土踏まずとは? 3つのアーチの構造と、崩れたときに体に起きること
この記事のまとめ
土踏まずは足裏の3つのアーチが連動して体を支える構造で、衝撃吸収・体重分散・バランス保持の3役を担っています。アーチが崩れると膝・腰への負担が増し、疲れやすさや転倒リスクにつながります。インソールの活用と正しい靴選びが、今すぐできる最善のケアです。

「長く歩くと、足が疲れやすい」……その悩み、実は足の裏の「土踏まず」がサインを出しているのかもしれません。今回は、土踏まずのすごい役割と、それが崩れると体にどんなトラブルが起きるのか、わかりやすく解説します!

この記事のポイント
  • 土踏まずは「内側縦・外側縦・横」の3つのアーチで構成されています
  • 歩行のたびに足にかかる負荷に対して、アーチがその緩衝材になっています
  • アーチが崩れると膝・腰・姿勢トラブルに波及しやすくなります
  • インソールによるアーチサポートは、日常的なケアとして最も手軽で効果が期待できる方法です

土踏まずとは何ですか? 3つのアーチの構造

土踏まずとは? 3つのアーチの構造と、崩れたときに体に起きること

土踏まずとは、足裏に生まれつき備わった「3層の天然クッション構造」です。以下の3つのアーチが立体的に組み合わさることで、私たちの体を支えています。

アーチの名前 位置 主な役割
内側縦アーチ かかと〜親指の付け根 衝撃吸収・推進力の補助
外側縦アーチ かかと〜小指の付け根 体の安定性・接地のバランス
横アーチ 足指の付け根を横断 足指の機能・バランス感覚の維持

これらのアーチが連動することで、足は最高のパフォーマンスを発揮できる傾向があります。

土踏まずが果たす3つの役割

土踏まずとは? 3つのアーチの構造と、崩れたときに体に起きること

なぜ土踏まずが必要なのでしょうか? 土踏まずは、歩くたびに全身を守る「見えないサスペンション」です。
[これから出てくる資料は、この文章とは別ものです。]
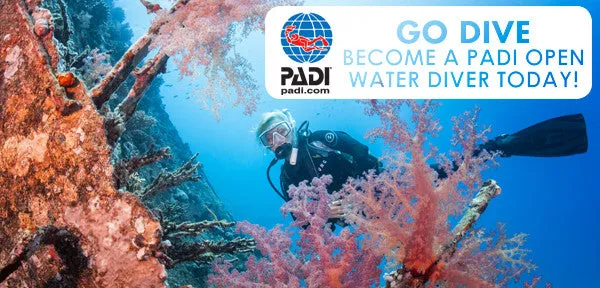 PADI Open Water Referral Course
① 衝撃の吸収:歩行時や走行時に足に加わる衝撃をアーチが分散し、膝・腰への伝達を抑えます。

② 体重の分散: 足全体に均等に体重を乗せることで、一点への負荷集中を防ぎます。アーチがないと、特定の部位にタコや魚の目ができやすくなります。

③ 地面への適応: 砂利道や坂道など凹凸のある地面でも、アーチが柔軟に変形して足を安定させます。これがなくなると、小さな段差でもつまずきやすくなります。

土踏まずのアーチが崩れるとどうなる?

土踏まずとは? 3つのアーチの構造と、崩れたときに体に起きること

もし、土踏まずこのアーチ構造が崩れてしまうと歩幅が短くなって歩くのが遅くなったり、つまずきやすくなったりと、歩行トラブルの原因となる傾向があります。
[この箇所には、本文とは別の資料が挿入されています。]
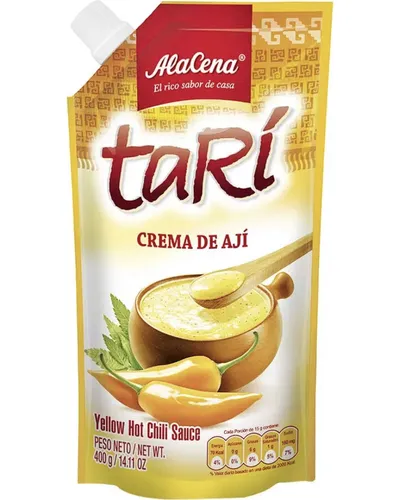 Photo of Tari Yellow Hot Chili Sauce by Alacena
また、扁平足気味になり、足元からの衝撃がそのまま膝や腰に伝わりやすくなり、体全体のバランスが崩れやすくなることも。足の健康を保つためには「土踏まず」の存在を理解し、日々のケアを意識することが大切です。

土踏まずについてのよくある質問

Q1. 土踏まずとは何ですか?

足の裏にある3つのアーチ(内側縦・外側縦・横)が組み合わさった構造の総称です。歩行時の衝撃吸収・体重分散・バランス保持の役割を担い、全身の姿勢や健康にも影響します。
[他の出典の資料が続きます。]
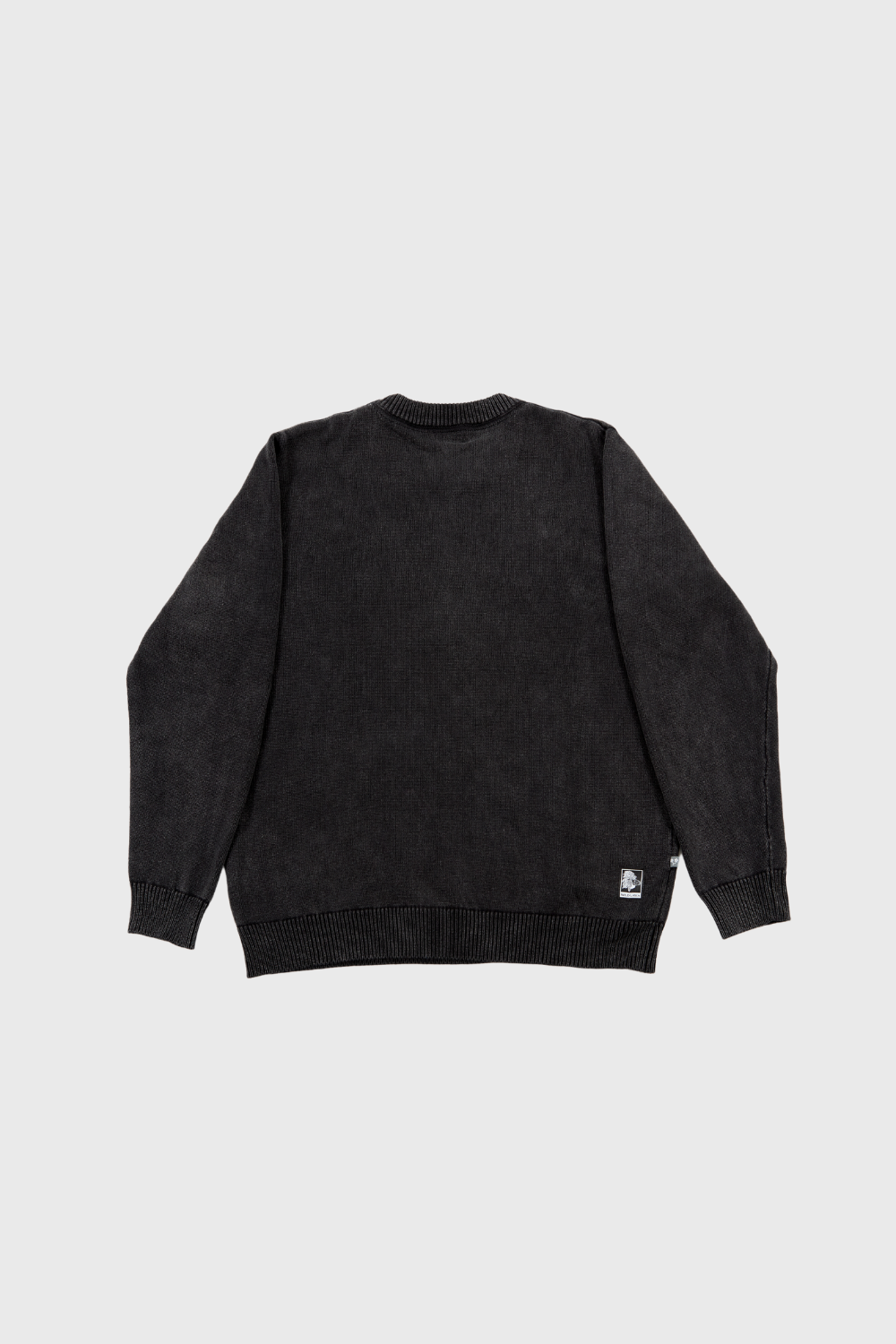Sweater Tros Orgánico Negro Hombre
Q2. 扁平足と土踏まずが「崩れる」は同じことですか?

扁平足は内側縦アーチが低下した状態を指し、土踏まずの崩れの代表的な形です。ただし横アーチの低下(開帳足)もあり、必ずしも同じではありません。外見上は「足裏が平ら」でも、3つのアーチの状態は異なります。

Q3. 子どものアーチはいつ頃できますか?

土踏まずのアーチは3〜7歳の間に形成されます。この時期に靴底が薄すぎたり、大きすぎる靴を履き続けると発達が遅れる可能性があります。

足の健康を守るためのヒント

土踏まずとは? 3つのアーチの構造と、崩れたときに体に起きること

ずっと自分の足で歩き続けるために、今日からできることは2つです。

  • 「インソール」で支える/靴の中にアーチを支えるインソール を入れると、アーチの形状をキープでき、疲れが改善する傾向があります。
  • 靴選びの見直し/かかとがしっかり固定され、自分の足にサイズにあった靴を選ぶことも大切です。

土踏まずは、私たちの体を支える「土台」です。この小さなアーチを大切にすることが、全身の健康を守る第一歩になります。

※本記事は一般的な情報の提供を目的としており、診断や治療を目的としたものではありません。気になる症状がある場合は、必ず専門医にご相談ください。